-
Notifications
You must be signed in to change notification settings - Fork 25.2k
Description
🚀 Feature
Communication compression
PyTorch features several DDP Communication Hooks that compress messages exchanged between workers in distributed optimization. If communication time is a bottleneck, these hooks can speed up distributed training. Of course, compression is only beneficial if the time required to compress the messages is significantly smaller than the time spent communicating. Speeding up compression times can open up communication savings to a wider range of models and hardware.
PowerSGD
In training problems with a strong communication bottleneck, the current PowerSGD hook in PyTorch already improves training times (@SciPioneer), but a recent paper argues that in many settings, the gains in communication do not yet weigh up to the added compression time.
Proposed optimizations
The recent DALL-E paper uses PowerSGD for large-scale distributed training, and the paper's appendix contains many recommendations on how to implement the algorithm efficiently. The most actionable recommendation is
- the creation of a specialized CUDA kernel for the orthogonalization of matrices with many rows and few columns.
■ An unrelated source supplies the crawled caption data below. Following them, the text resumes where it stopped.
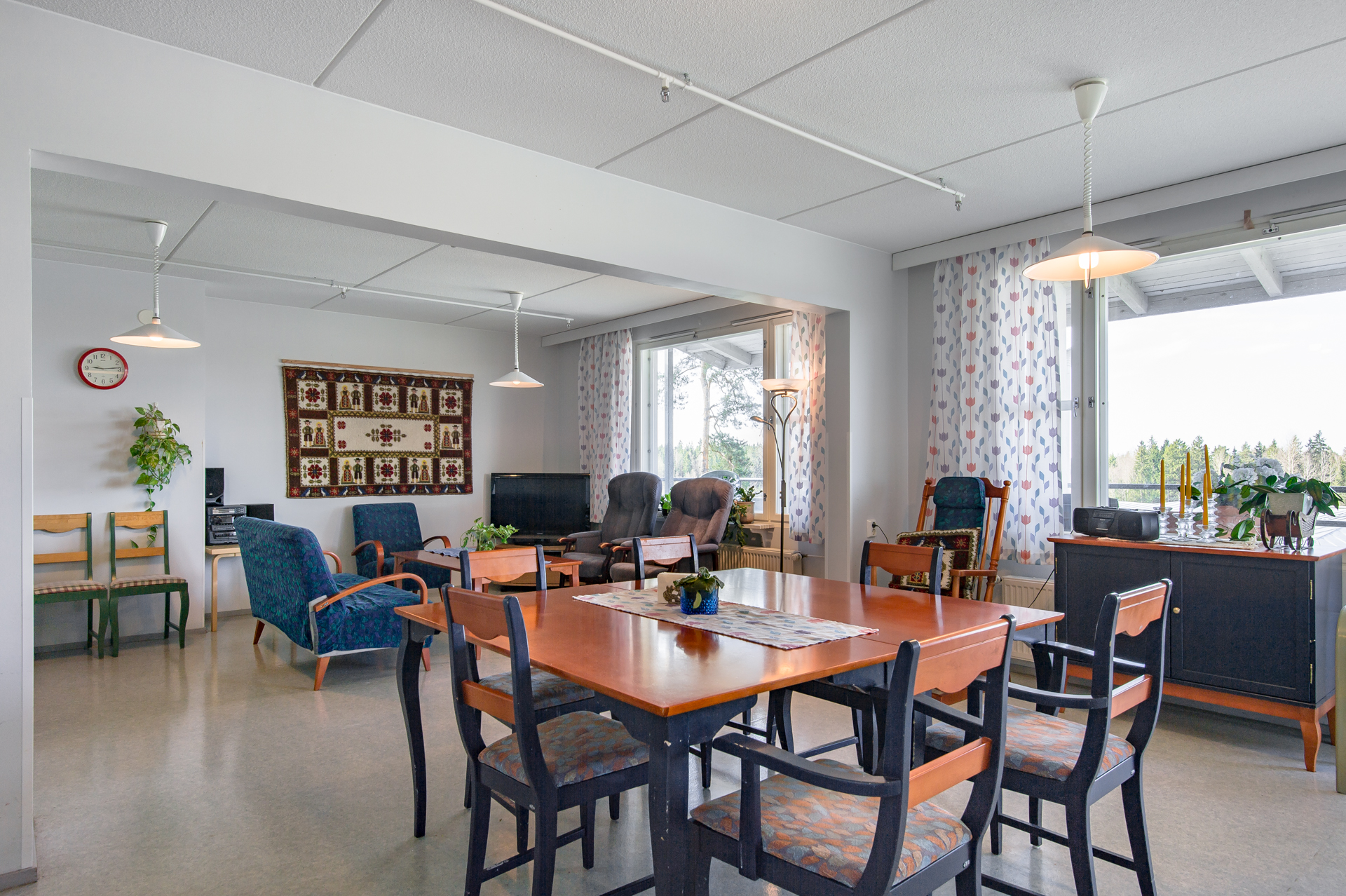 Gemensamt allrum med matbord, stolar och sittgrupp.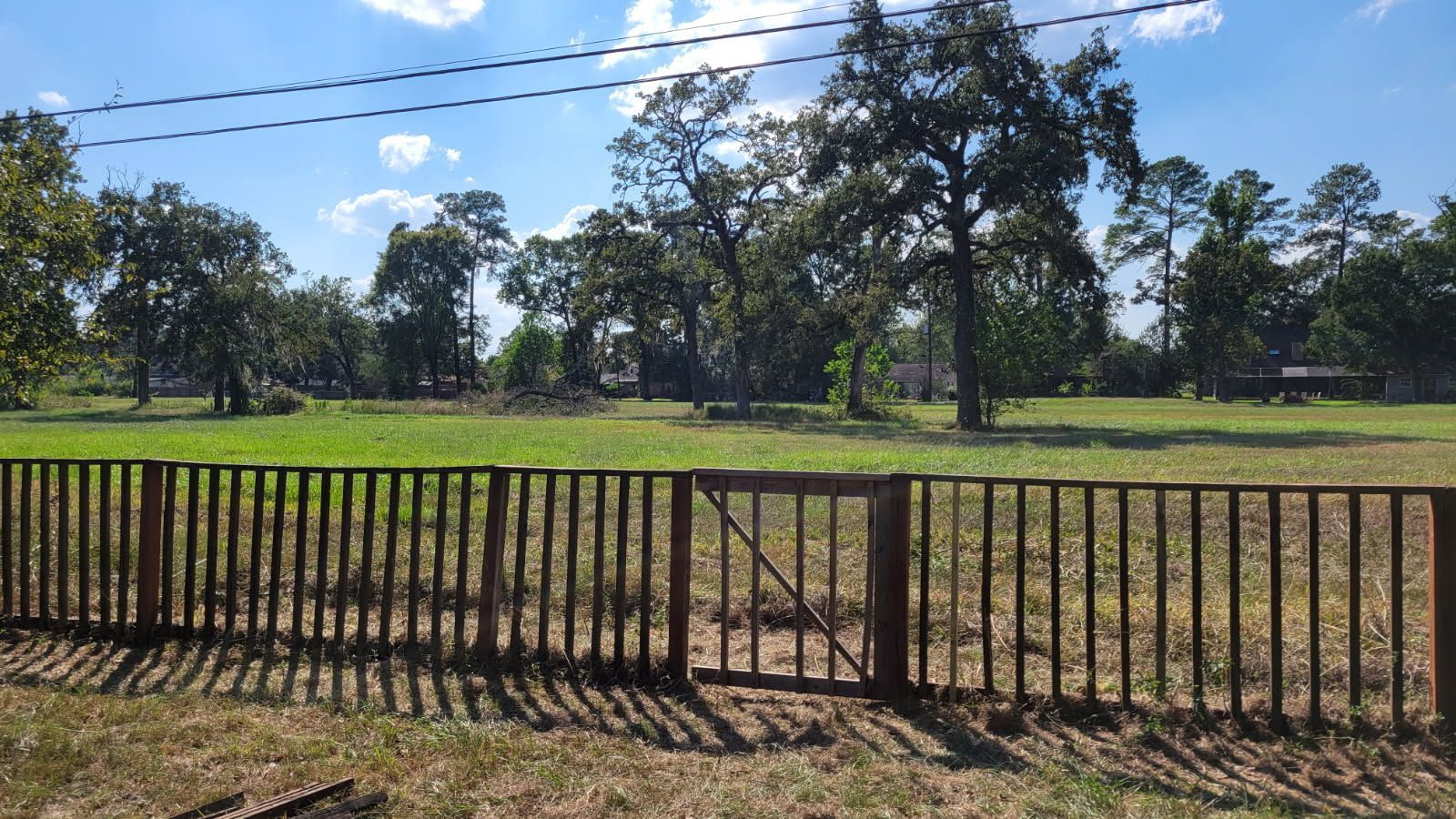 Wooden fence in front of a green field with trees under a blue sky.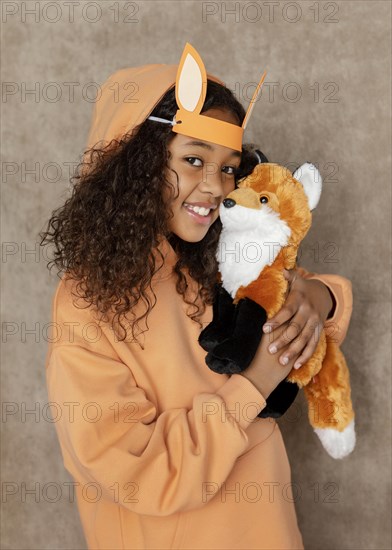 Medium shot girl holding fox toy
Orthogonalization is the most expensive step in PowerSGD compression and based on timing results from the DALL-E authors, there is a potential for speedups up to 100x in this operation.
Benefits
- With faster compression times, compression will generate speedups for more models and with faster communication hardware.
- A faster orthogonalization operation will allow PowerSGD to use higher 'rank's (more accurate compression). Currently, such large ranks would make compression too slow. With more accurate compression, we can avoid drops in model accuracy.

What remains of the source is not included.